Keywords: Homogeneous catalysis, Aromaticity, Metal Ligand Cooperative Reactivity.

Relevant references:

• Chem. Comm. 57, 3070-3082, 2021
• J. Am. Chem. Soc. 139, 13442-13449, 2017
• ACS Catal. 9, 1619-1629, 2019

Théo P. Gonçalves is a Research Scientist in the Physical Science and Engineering Division at KAUST, where he specializes in the physical chemistry of chemical reactions. He employs a range of computational methods to understand chemical mechanisms and its role in experimental findings. His field of interest includes physical chemistry, catalysis, organic and organometallic chemistry, and computational and theoretical chemistry. Théo utilizes density functional theory, ab-initio, semi-empirical techniques, and molecular mechanics in his research. His applications encompass total synthesis, homogeneous and heterogeneous catalysis, as well as biological processes.

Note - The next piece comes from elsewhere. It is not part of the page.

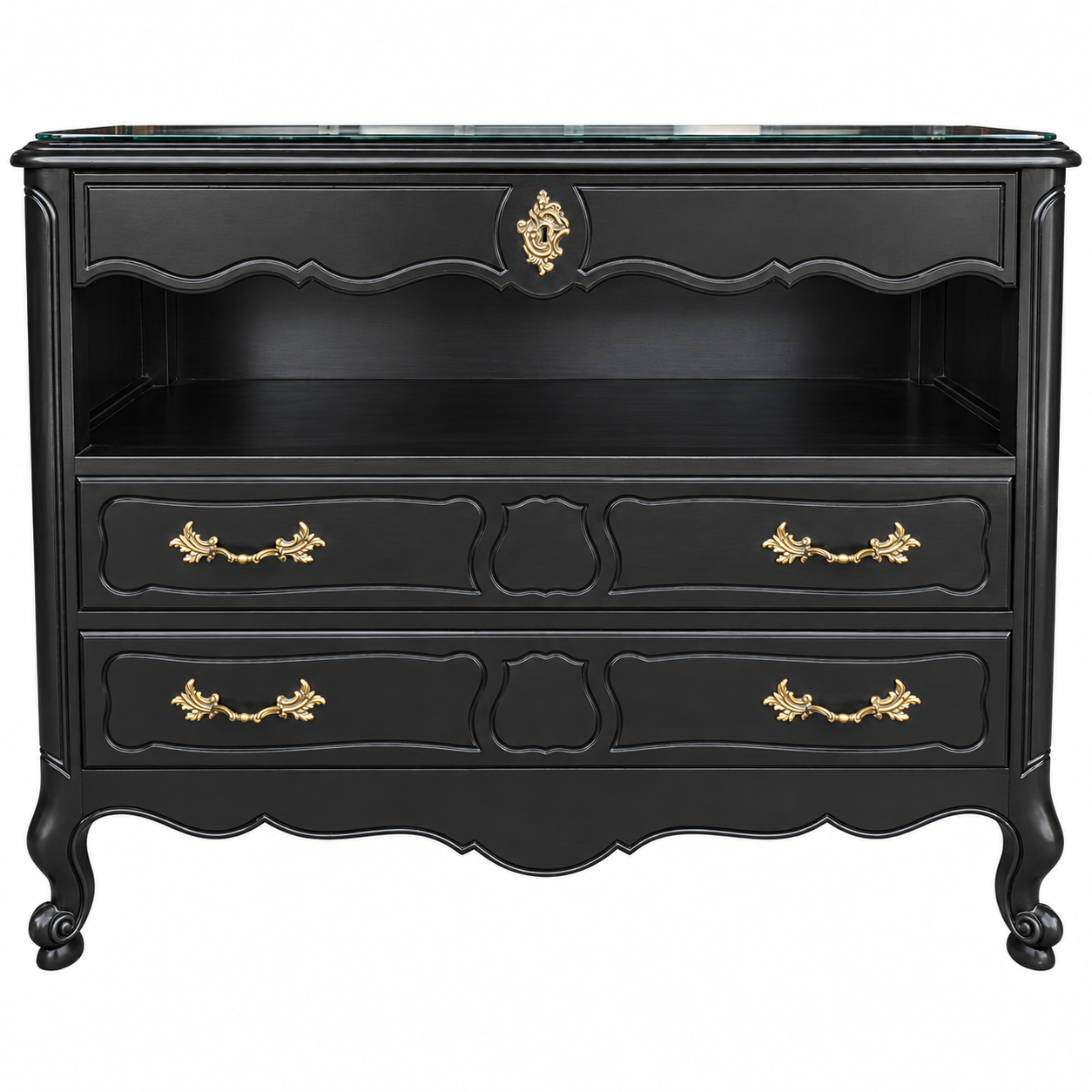 Drexel vintage dresser #08985 — black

He obtained a BSc degree in physical chemistry in 2009, Recife, Brazil. Then he moved to the University of Southampton in the United Kingdom, where he completed a Master's degree focusing on the total synthesis of natural products in 2010. He later earned his Ph.D. in physical organic chemistry, applying computational methods to study the rearrangements of cyclobutenone and related chemical reactions in 2014. During his time in UK he received extensive training from the National Service for Computational Chemistry (NSCCS) at Imperial College London.

Currently, Théo is investigating the mechanistic aspects of chemical reactions in PN³P pincer metal complexes. Recently, together with Prof. Andy (Kuo-Wei Huang), he has been exploring the role of aromaticity in conceptual chemical design.